しかし、シーズンが終わった今、状況は変わった。PSGは欧州チャンピオンズリーグ2連覇を達成し、欧州トップクラスのチームとしての地位を確立したが、イ・ガンインは最も重要な試合で出場機会を得られなかった。彼は2年連続でチャンピオンズリーグ優勝メンバーとなったが、2度の決勝戦はいずれもベンチから見守ることとなった。韓国人選手初のチャンピオンズリーグ2回優勝という記録とは別に、悔しさが残るシーズンだった。
イ・ガンインはPSGで複数のポジションをこなした。右サイド、中央の攻撃的MF、時には中盤の一角も担った。左足のキック、脱圧迫、前進パス、セットプレーの能力は依然として価値がある。しかし、エンリケ体制のPSGは前線と中盤の組み合わせが次第に固定されていった。デンベレ、ドゥエ、クヴァラツヘリアが前線の核として定着し、ヴィティーニャ、ザイール=エメリ、ファビアン・ルイスら中盤の層も厚い。イ・ガンインがビッグマッチで先発争いを勝ち抜くのは容易ではなかった。
PSGも夏の戦力再編を準備中だ。スペイン紙『AS』は、PSGがアトレティコ・マドリードのフリアン・アルバレスを狙う過程で、イ・ガンインとゴンサロ・ラモスを交渉カードとして活用する可能性があると報じた。同メディアは、イ・ガンインがPSGで今シーズン重要な役割を担えなかったため、クラブが夏に彼への出口を開く可能性があると伝えた。アトレティコは、イ・ガンインの技術と多才さを高く評価してきたチームとして知られている。

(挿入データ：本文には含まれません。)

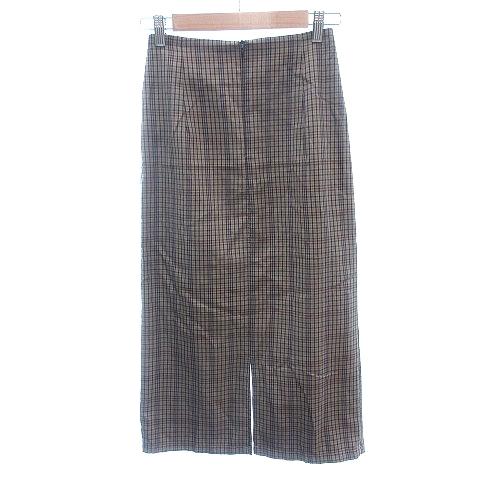 ベルシュカ Bershka タイトスカート ロング チェック XS 茶 ブラウン 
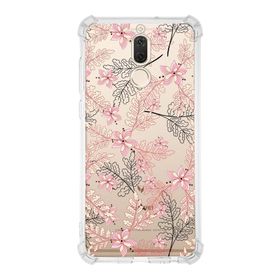 PrintiFy Huawei Mate 10 Lite Uyumlu Köşe Korumalı Antişok Kapak Floral Kırmızı Tasarımlı Şeffaf Kılıf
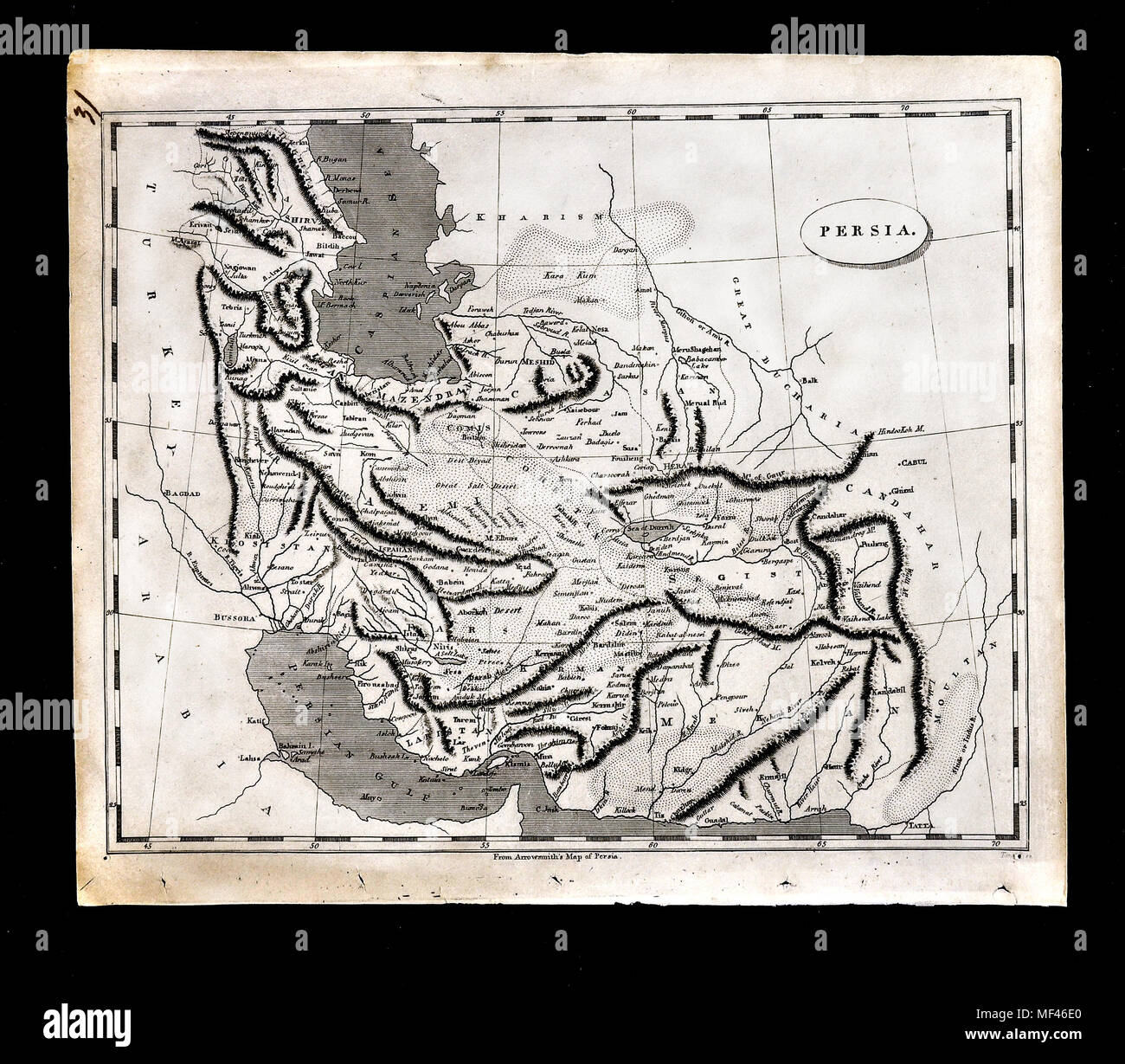 1804 Arrowsmith Karte - Persien Iran Afghanistan Irak Naher Osten Stockfoto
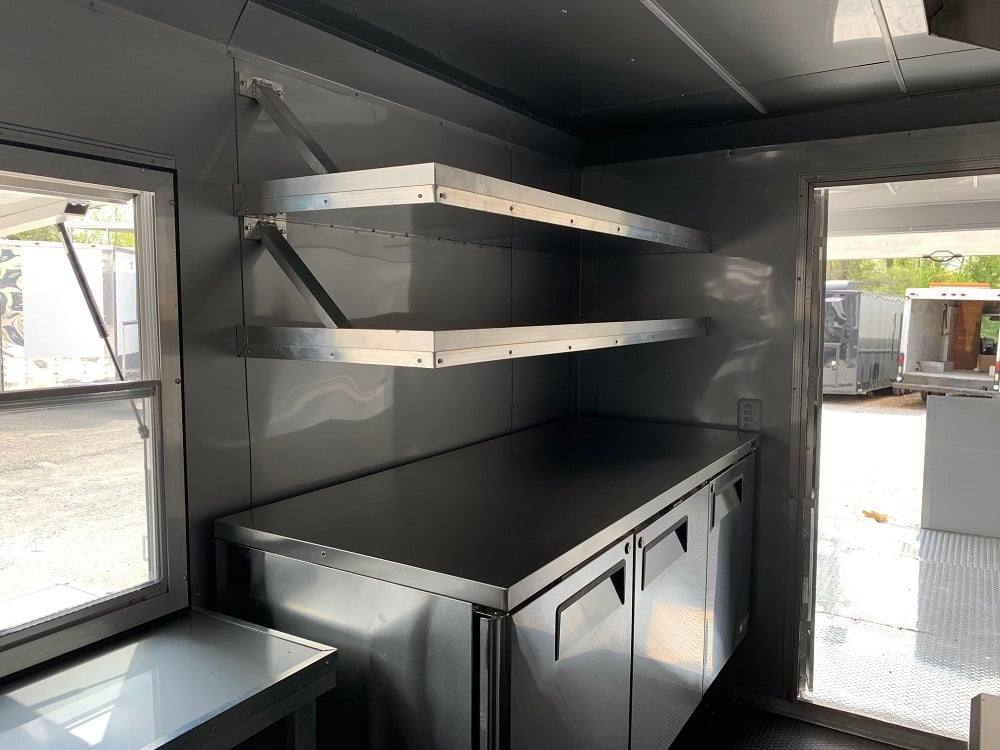 626-8.5-x-24-black-bbq-porch-concession-food-trailer-with-appliances-13.jpg 8.5' x 24' Black BBQ Porch Concession Food Trailer with Appliances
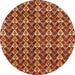 Round Machine Washable Abstract Tomato Red Rug, wshabs3811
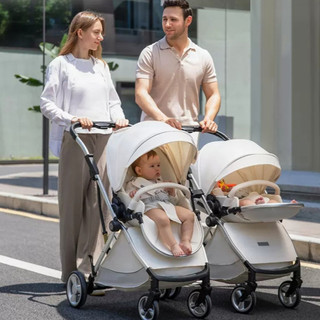 Xe đẩy đôi em bé gấp gọn COBALLE ngả lưng 3 tư thế, khung hợp kim nhôm siêu nhẹ 7kg Gồm 2 xe đẩy đơn và bộ 3 thanh nối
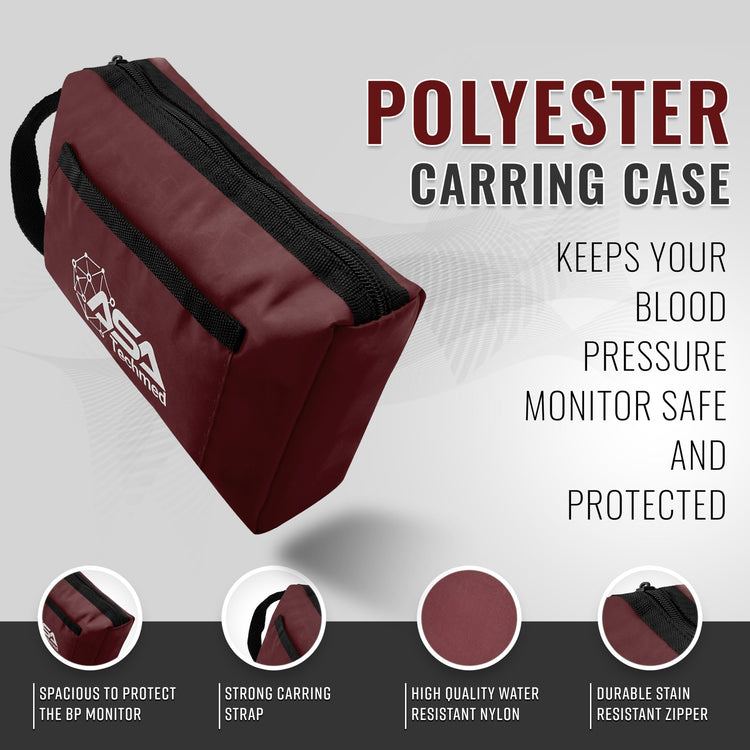A burgundy polyester carrying case displayed dynamically with text highlighting features such as water-resistant nylon, a strong carrying strap, and durable zippers.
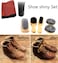 7PCS Shoe Shine Kit with Portable Zipper Storage Bag, Shoe Polish Brush Set for Leather Shoes, Boots, Wallets, Furniture &amp; Car Seats, Brown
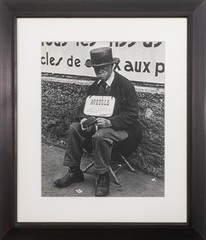 Lisette Model – Blind Man in Front of Billboard, 1933-38 Silver Gelatin Print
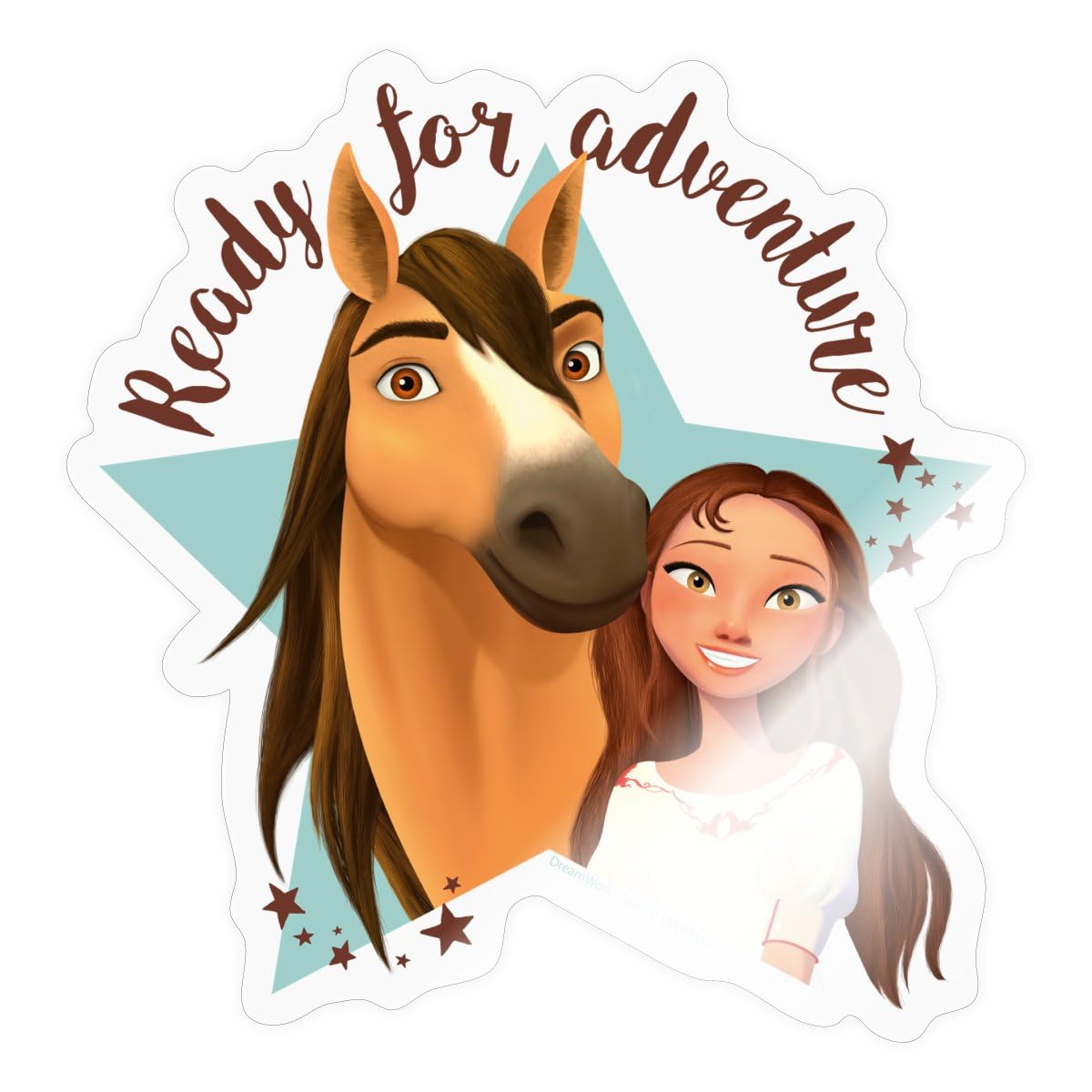 Spreadshirt Spirit and Lucky - Ready for Adventure Sticker, 10 x 10 cm, Transparent Glossy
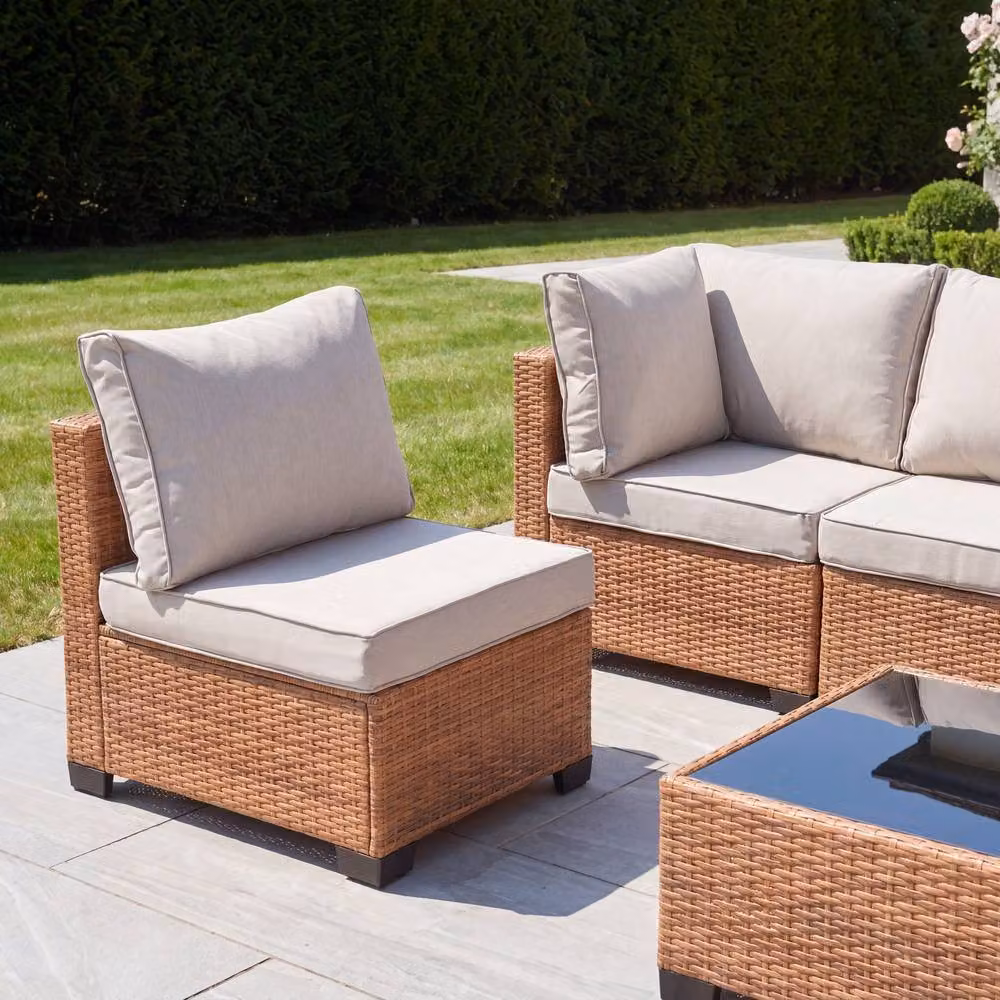 Artemis Home Saviano 6 Seat Modular Rattan Conversation Set in Tan and Beige with Upholstered Cushions and Coffee Table – 2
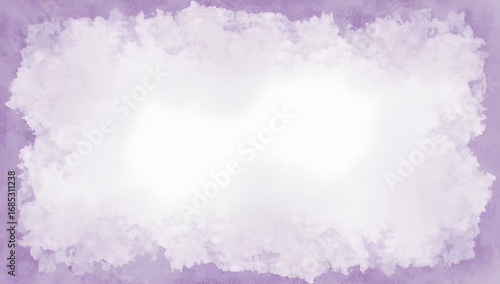 Textured Watercolor Background with Purple Border and White Center Space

イ・ガンインもワールドカップ後、次のキャリアステップへ進む時期を考慮し、今後は「どれだけプレーできるか」に焦点を当てて未来を描くものと見られる。

契約状況については、PSGが交渉の主導権を握っている構造だ。イ・ガンインは2023年にマジョルカを離れてPSGに入団し、2028年までの契約を結んだ。まだ契約期間が2年残っている。PSGが安値で手放す理由はない。これに先立ち、フランスやスペインのメディアは、PSGがイ・ガンインの価値を少なくとも4000万〜5000万ユーロ程度と見ていると伝えた。
移籍先としては、アトレティコ・マドリードが最も頻繁に挙げられる。ディエゴ・シメオネ監督率いる同チームは、運動量と戦術理解度、サイドと中央を行き来できる選手を好む。イ・ガンインにはスペイン・ラ・リーガでの経験もある。バレンシアのユース出身でマジョルカで成長したため、ラ・リーガの環境に適応する上での問題は少ない。アトレティコが創造的な2列目の補強を望むなら、イ・ガンインは現実的な候補となり得る。
プレミアリーグの可能性も残されている。以前からイングランドのクラブからの問い合わせがあり、イ・ガンインの年齢や技術、代表チームでの地位は市場において魅力的な要素だ。ただし、プレミアリーグの中上位圏チームに移籍する場合でも、出場時間の保証が鍵となる。
パリで実に12個もの優勝カップを掲げたイ・ガンインは、今や優勝の脇役ではなく、チームの核としてピッチを駆け回る未来を描いている。